Why 80% of AI projects don't ship
We see the same pattern: the board demands "deploy AI". The team picks a nice use case (product description generation, say), runs a demo, everyone applauds, 3 months later the board asks "where's the revenue?" — and the pilot quietly dies.
Reasons we see most often:
- No baked‑in metric — "deployed" ≠ "working".
- Use case not tied to revenue — impossible to defend with the CFO.
- No observability — nobody knows how AI behaves in production.
- Agency delivers without co‑delivery — client team doesn't know, nobody owns it.
Processes with ROI in 8 weeks
Four candidates where ROI is measurable in 6–8 weeks and visible even to a skeptical CFO. Everything else is R&D — and should be called R&D, not a pilot.
1. AI PDP personalization
"Similar products" and "frequently bought with" powered by embedding search. KPI: +8–15% PDP conversion, +5–10% AOV. Top e‑com sites get up to 31% of revenue from recommendations (McKinsey, 2024).
2. Semantic catalog search
Elasticsearch + reranker. "Warm winter jacket" returns parkas even when "warm" isn't in any SKU. KPI: zero‑result share → 0, search CR +20%.
3. Admin copilot for content managers
AI assistant inside the Bitrix admin: description generation, SEO copy, bulk card updates.
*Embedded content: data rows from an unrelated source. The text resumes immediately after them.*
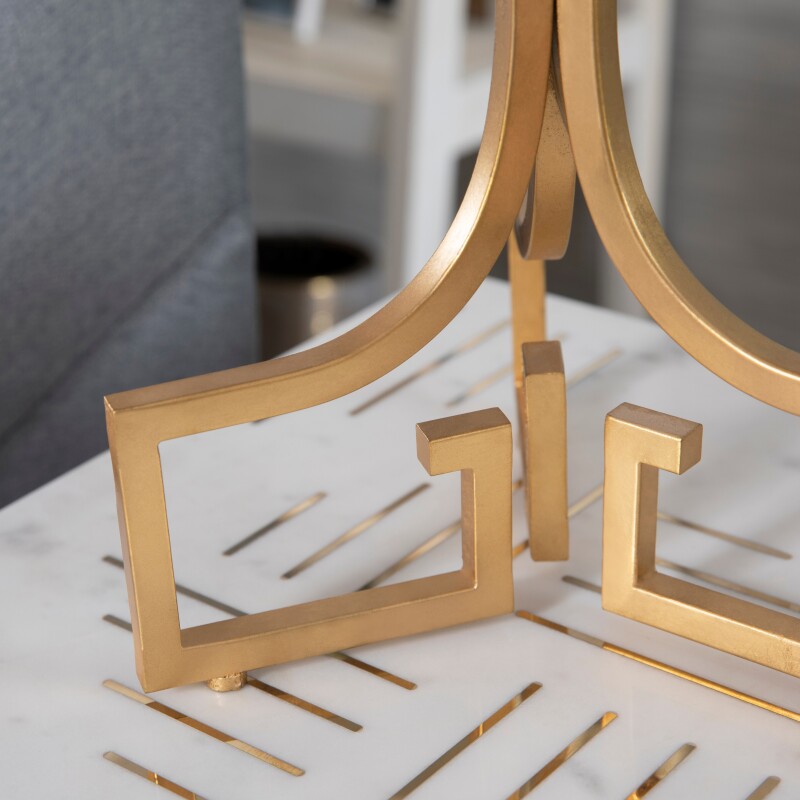Gold Lux Table Lamp CVAER874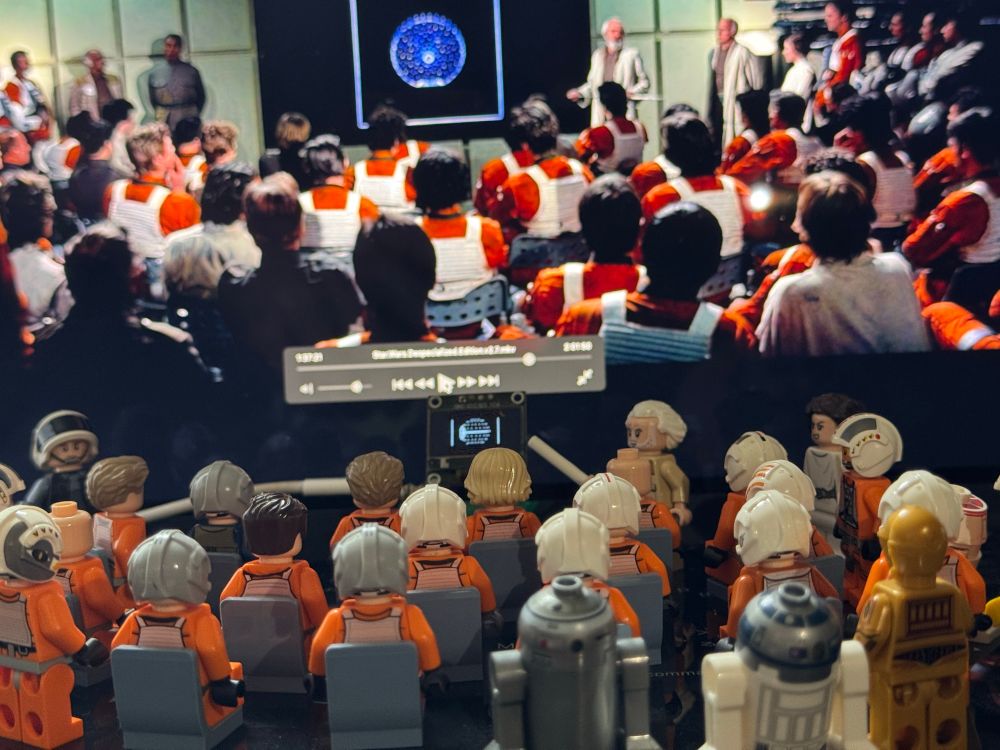 Lego minifigs set up like the Yavin IV briefing diorama 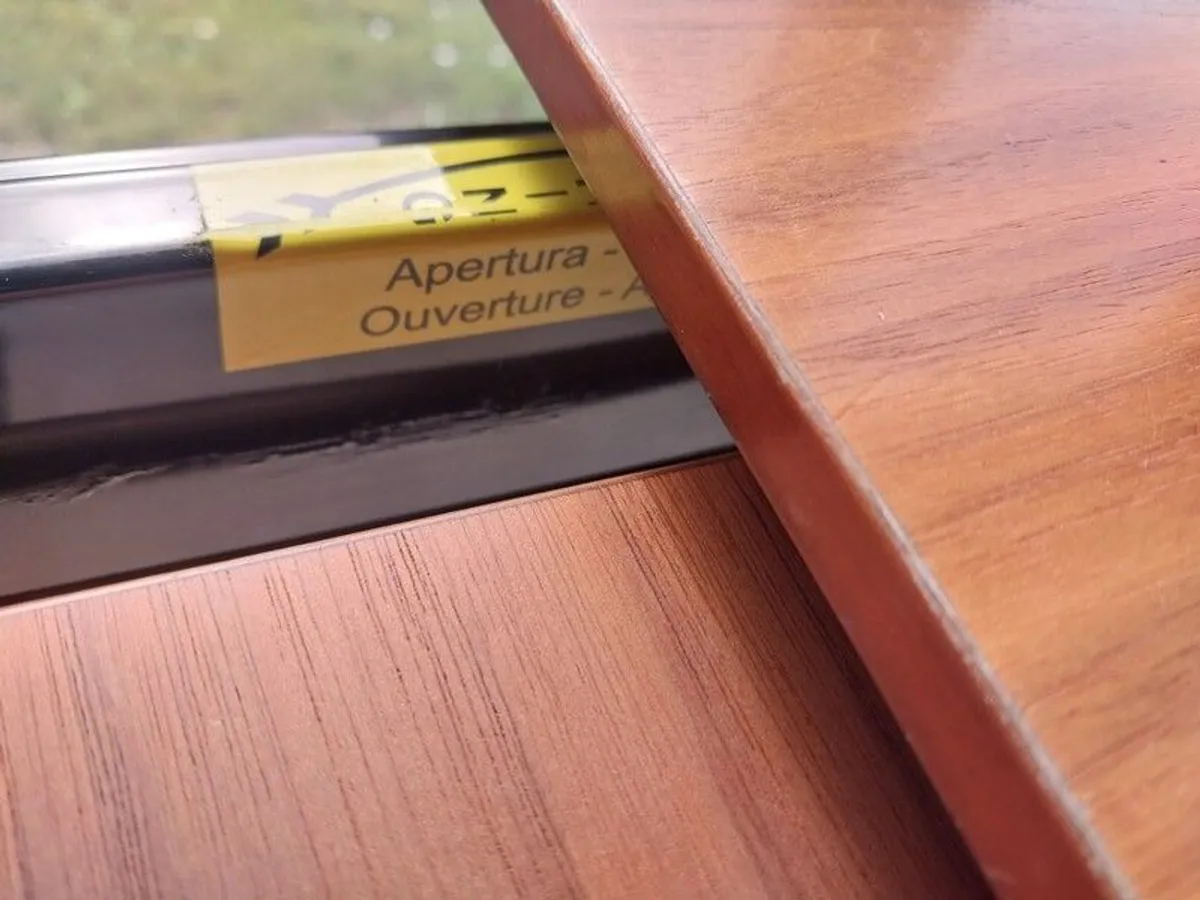 Solid Wood Calligaris extendable table - Image 3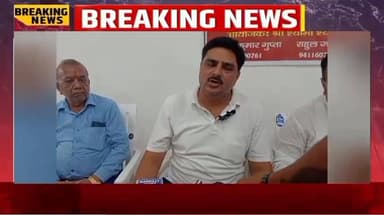 #बरेली में 28 अप्रैल से श्रीमद् भागवत कथा, 108 कलशों से निकलेगी भव्य यात्रा
श्री #हरि मंदिर में प्रेस वार्ता, रोज शाम 5...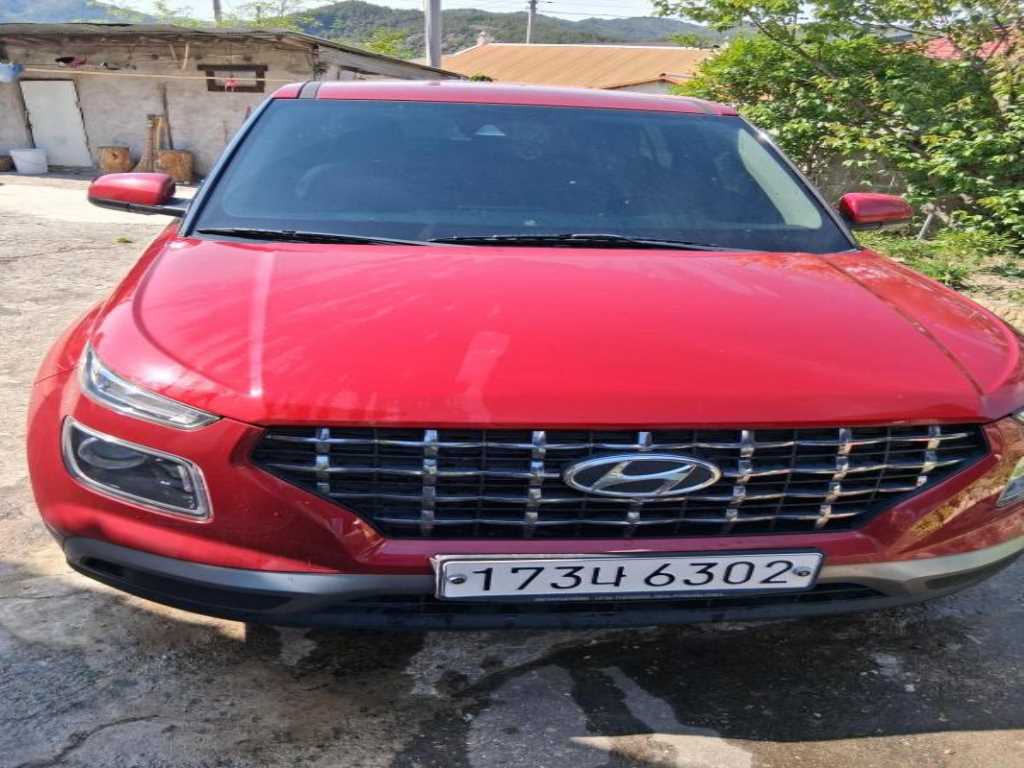 HYUNDAI Venue - Vista 4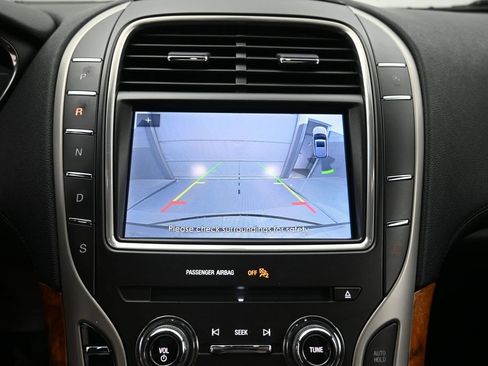 Used 2020 Lincoln Nautilus Reserve AWD/4WD image 9
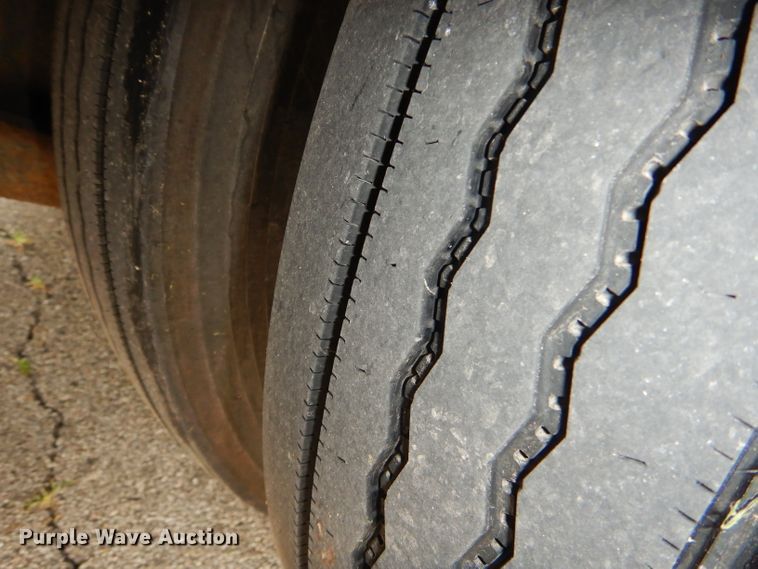 image for item FC9900 2003 Safari Cheetah RV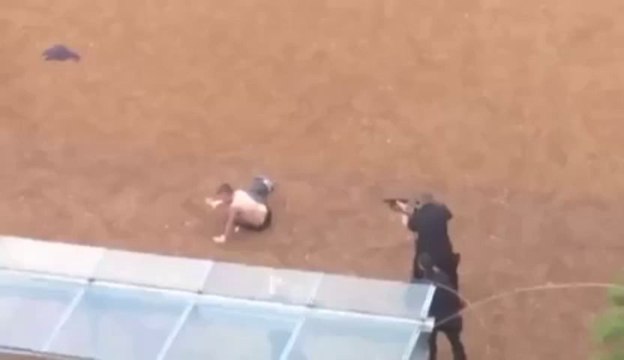 Dumb guy want to be arrested by cops. Flashball and tazer!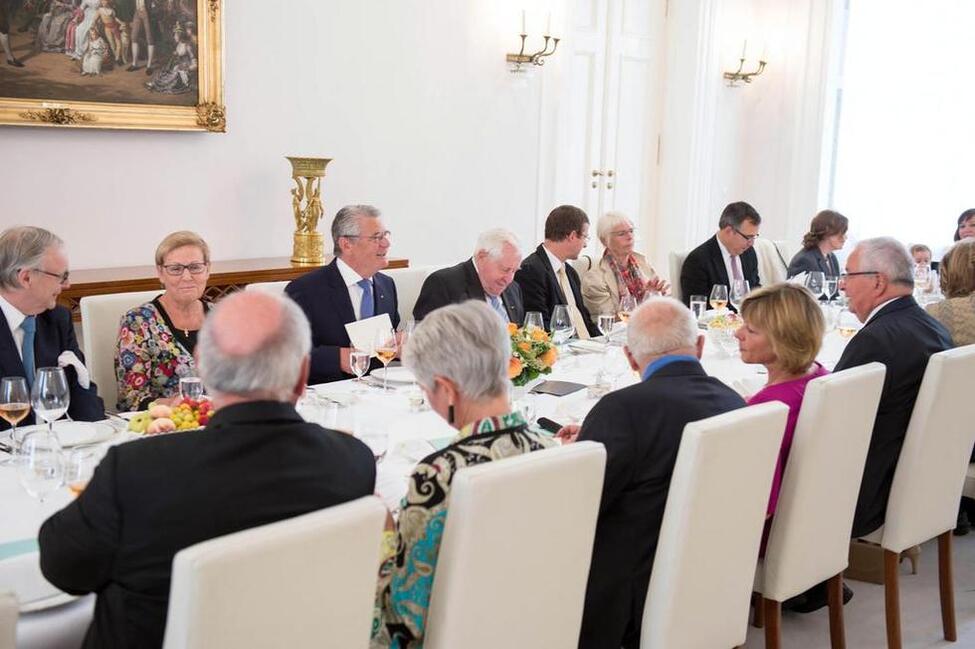 Bundespräsident Joachim Gauck und Daniela Schadt empfangen Klaus Töpfer zu einem Mittagessen anlässlich dessen 75. Geburtstages 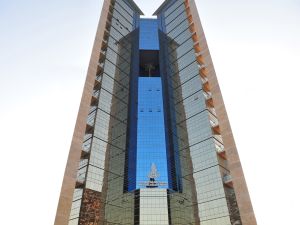 مصرف الشارقة الإسلامي يحقق أرباحاً صافية بقيمة 804 ملايين درهم خلال النصف الأول من عام 2026 بنمو 15.3% ويعزز قاعدته الرأسمالية 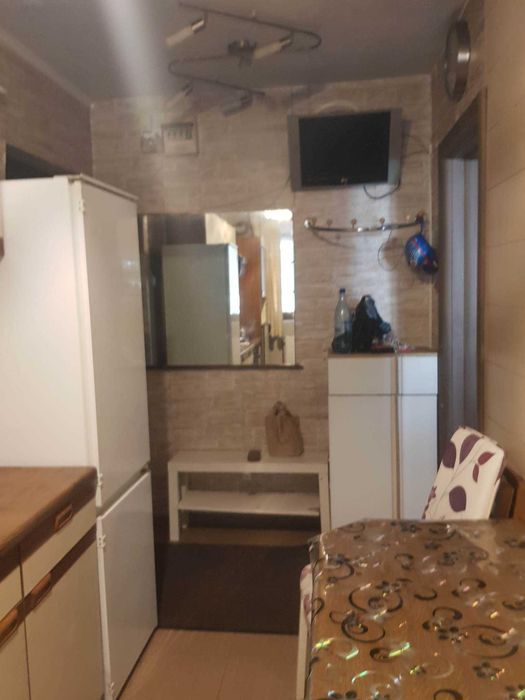 Apartamentde 3 camere semidecomandat Cerna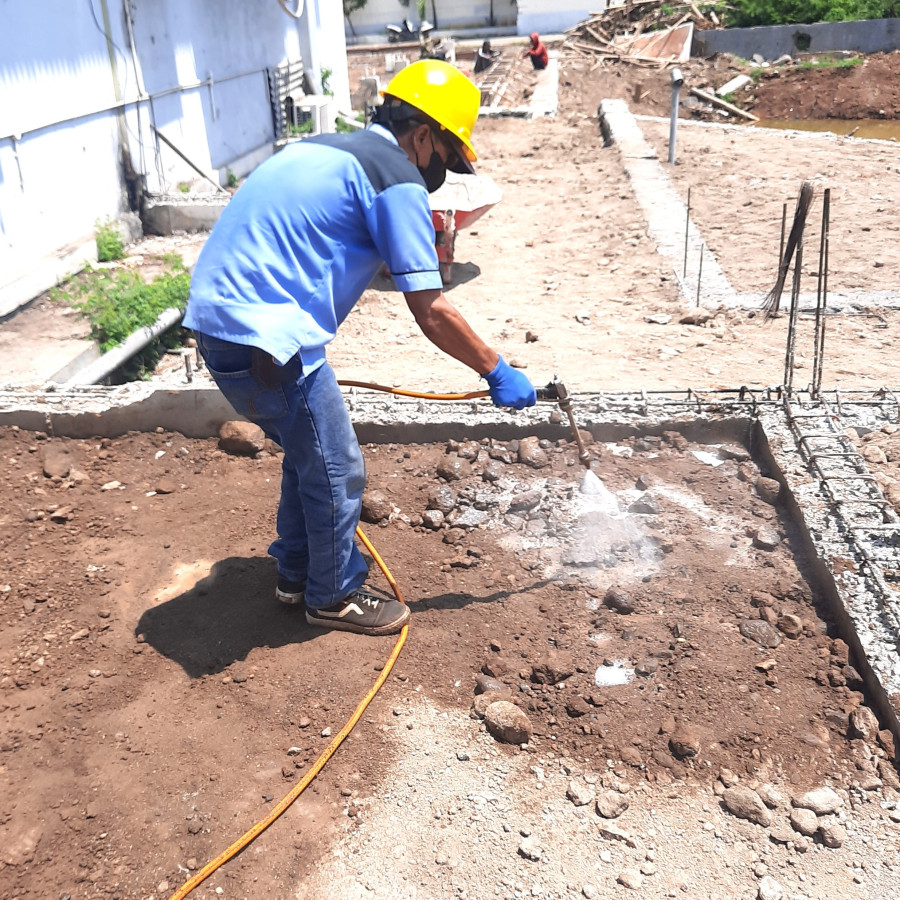 JASA TERMITE CONTROL ( PENGENDALIAN RAYAP ) - samping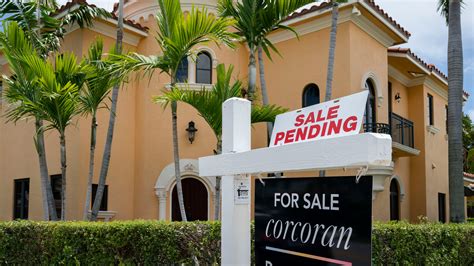 Real estate home sales in Palm Beach County plummet in 2022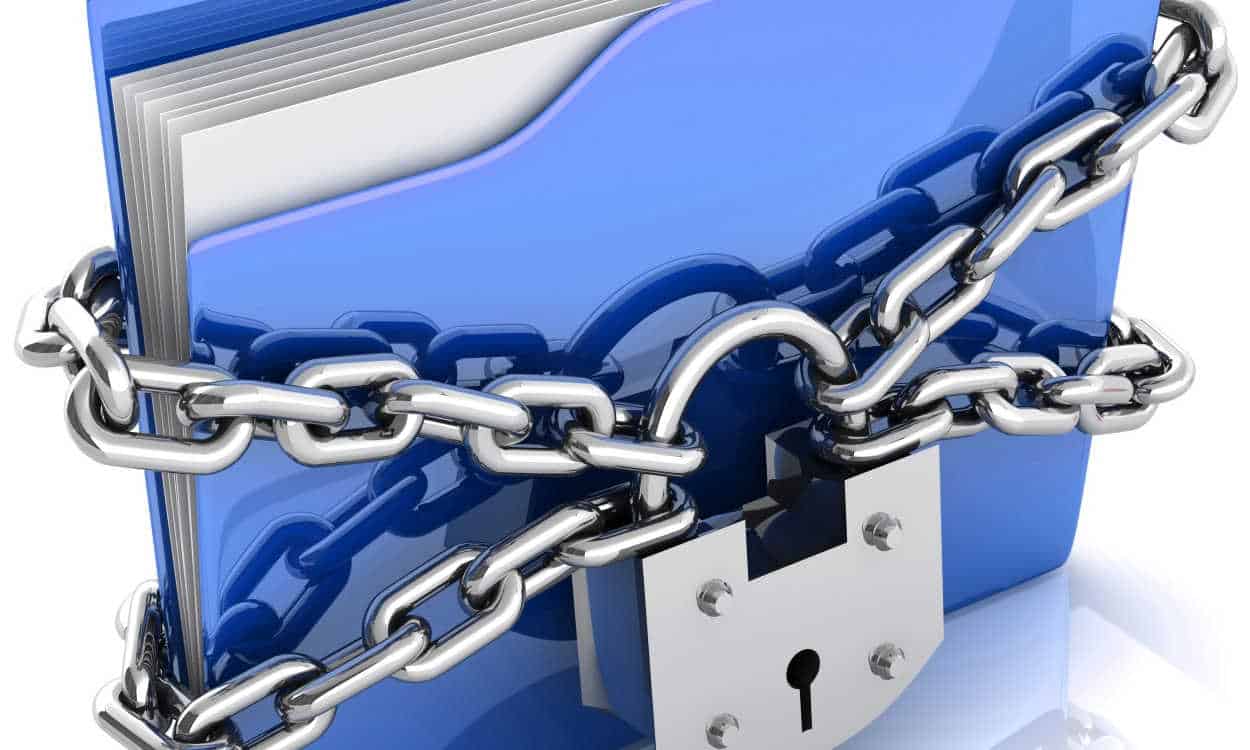pasta de documento envolta com correntes e cadeado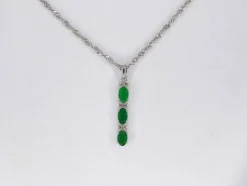 Pendentif en or blanc avec diamants et émeraude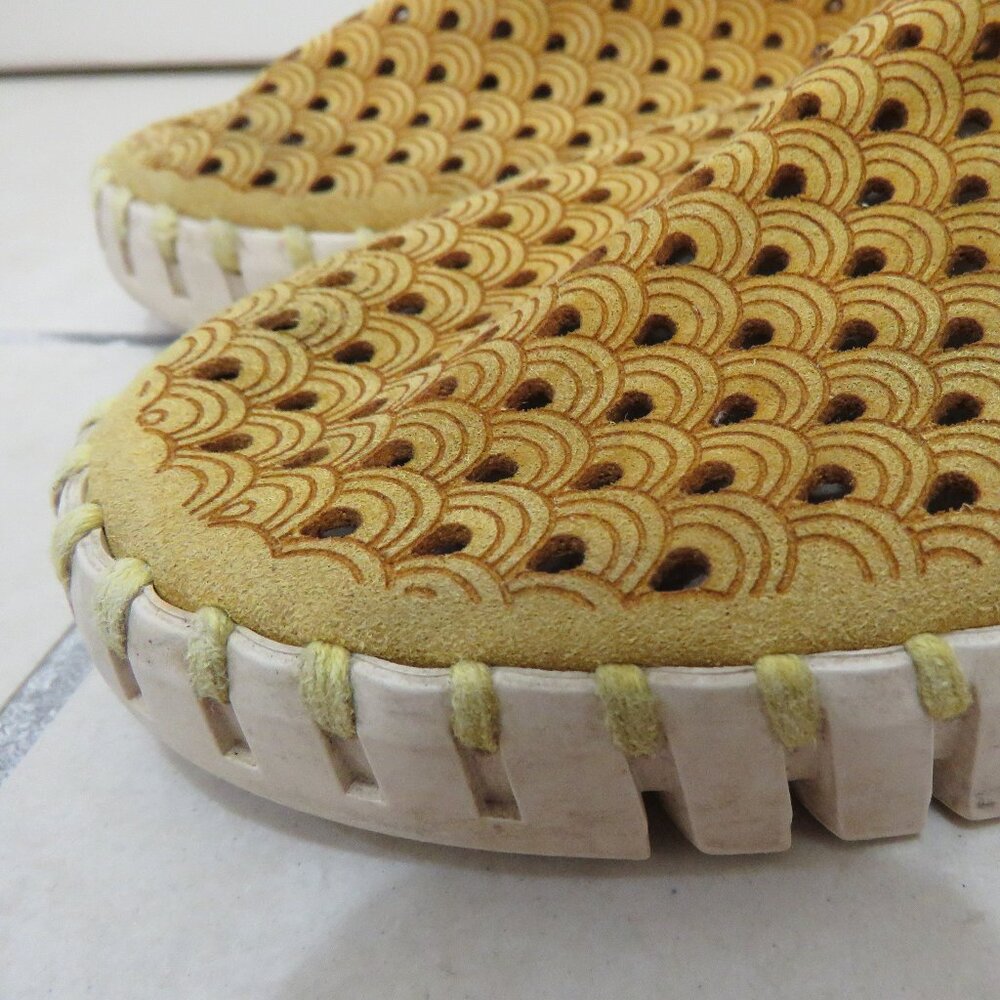 ILSE JACOBSEN Tulip 139 Slip On Perforated Yellow Sneakers Shoes - Size 9.5 / 10 - Picture 4 of 12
KPI: −60% time to onboard an SKU, saves 4.4 hrs/week per engineer (getdx, 2025).
4. Chatbot with CRM escalation
RAG over FAQ and knowledge base + scenario‑driven escalation to amoCRM / Bitrix24. KPI: 60%+ self‑service, < 30s first reply.
Outcome contract: what to bake in
The key trick with an outcome contract is aligning both sides on the metric, not the hours.
- Base fee 60–70% — covers infra, discovery, integration. Not KPI‑tied.
- Outcome bonus 30–40% — paid on KPI hit in a defined window (e.g. +10% PDP CR over 30 days).
- Penalty clause — if metric drops > 5%, agency refunds a share of base fee.
- Observability access — client sees all logs, prompts, latency, errors. Otherwise the metric can't be trusted.
Open‑source vs API — when to choose what
| Criterion | API (Claude / GPT) | Open‑source (Llama / Qwen) |
|---|---|---|
| Time to launch | Days | Weeks |
| Unit cost | Variable (per‑token) | Fixed (GPU) |
| Compliance (GDPR / 152‑FZ / gov) | No | Yes (on‑prem) |
| Russian/Kazakh quality | High | Medium (Qwen is better) |
| Domain fine‑tuning | Limited | Full |
Guardrails and observability
- Prompt and response logging with 30‑day TTL.
- Rate limits per user and IP.
- PII filters in and out (no passports in logs).
- Hallucination detection: verify answers cite sources.
- Kill‑switch: one command disables the AI layer, traffic falls back.
How to measure impact
Never eyeball AI. Always run A/B: half the users see AI, half see control. Window — minimum 2 weeks and 10,000 sessions per branch. Metrics — not "clicks", but money: CR, AOV, LTV.
Rollout without panic
Start with 5–10% traffic on the AI variant. Ramp every 3 days while metrics are stable. Switch to 100% only after a 2‑week confirmed lift window. Any metric drop — kill switch, review, fix, relaunch.